INSTRUCTIONS TO FOLLOW: Your task is to reproduce exactly the lines that run from the beginning of the data through the line where "Immunohistochemical staining of human cerebral" appears.

___ THE DATA ___

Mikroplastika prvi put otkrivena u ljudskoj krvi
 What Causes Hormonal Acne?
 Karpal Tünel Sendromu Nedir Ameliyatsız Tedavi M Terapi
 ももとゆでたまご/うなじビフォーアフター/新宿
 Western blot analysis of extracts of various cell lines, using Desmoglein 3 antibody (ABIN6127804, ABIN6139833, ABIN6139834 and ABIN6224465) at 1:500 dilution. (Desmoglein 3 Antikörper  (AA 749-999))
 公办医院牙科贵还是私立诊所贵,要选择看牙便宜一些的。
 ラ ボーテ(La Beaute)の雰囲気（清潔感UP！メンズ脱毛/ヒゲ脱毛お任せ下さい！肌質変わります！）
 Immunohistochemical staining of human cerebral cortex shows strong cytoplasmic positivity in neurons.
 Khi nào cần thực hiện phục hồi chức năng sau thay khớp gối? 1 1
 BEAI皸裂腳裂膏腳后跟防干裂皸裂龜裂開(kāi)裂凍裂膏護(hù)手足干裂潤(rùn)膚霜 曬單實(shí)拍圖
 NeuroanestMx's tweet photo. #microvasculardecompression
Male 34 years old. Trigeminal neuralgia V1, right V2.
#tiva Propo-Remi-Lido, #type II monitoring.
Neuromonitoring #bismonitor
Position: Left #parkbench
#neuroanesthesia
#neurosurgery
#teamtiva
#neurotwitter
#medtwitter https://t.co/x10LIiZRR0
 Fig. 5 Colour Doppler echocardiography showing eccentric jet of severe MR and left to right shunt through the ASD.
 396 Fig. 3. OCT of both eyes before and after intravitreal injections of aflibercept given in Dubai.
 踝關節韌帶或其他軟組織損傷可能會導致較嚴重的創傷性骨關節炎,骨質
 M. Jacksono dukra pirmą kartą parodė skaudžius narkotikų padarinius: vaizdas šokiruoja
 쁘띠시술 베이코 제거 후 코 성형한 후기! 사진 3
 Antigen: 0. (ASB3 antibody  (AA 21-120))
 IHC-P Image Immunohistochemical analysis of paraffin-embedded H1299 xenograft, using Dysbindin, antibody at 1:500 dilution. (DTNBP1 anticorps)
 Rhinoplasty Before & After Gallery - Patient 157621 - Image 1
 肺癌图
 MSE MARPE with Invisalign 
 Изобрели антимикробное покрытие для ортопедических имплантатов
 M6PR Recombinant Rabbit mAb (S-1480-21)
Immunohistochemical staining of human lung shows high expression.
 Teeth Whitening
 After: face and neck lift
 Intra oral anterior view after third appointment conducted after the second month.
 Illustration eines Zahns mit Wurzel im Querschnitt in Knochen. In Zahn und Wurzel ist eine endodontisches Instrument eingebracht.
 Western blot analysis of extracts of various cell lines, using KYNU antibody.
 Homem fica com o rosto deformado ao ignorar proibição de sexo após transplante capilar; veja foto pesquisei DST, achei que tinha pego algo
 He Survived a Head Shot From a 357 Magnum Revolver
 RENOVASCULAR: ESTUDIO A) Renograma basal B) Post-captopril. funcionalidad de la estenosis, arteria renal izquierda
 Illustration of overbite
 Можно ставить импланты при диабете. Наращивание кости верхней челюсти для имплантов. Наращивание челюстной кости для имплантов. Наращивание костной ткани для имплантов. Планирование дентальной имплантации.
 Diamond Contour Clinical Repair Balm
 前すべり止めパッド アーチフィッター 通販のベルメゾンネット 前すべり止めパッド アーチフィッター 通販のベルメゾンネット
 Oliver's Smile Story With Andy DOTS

___

EXERCISE OUTPUT:
Mikroplastika prvi put otkrivena u ljudskoj krvi
 What Causes Hormonal Acne?
 Karpal Tünel Sendromu Nedir Ameliyatsız Tedavi M Terapi
 ももとゆでたまご/うなじビフォーアフター/新宿
 Western blot analysis of extracts of various cell lines, using Desmoglein 3 antibody (ABIN6127804, ABIN6139833, ABIN6139834 and ABIN6224465) at 1:500 dilution. (Desmoglein 3 Antikörper  (AA 749-999))
 公办医院牙科贵还是私立诊所贵,要选择看牙便宜一些的。
 ラ ボーテ(La Beaute)の雰囲気（清潔感UP！メンズ脱毛/ヒゲ脱毛お任せ下さい！肌質変わります！）
 Immunohistochemical staining of human cerebral cortex shows strong cytoplasmic positivity in neurons.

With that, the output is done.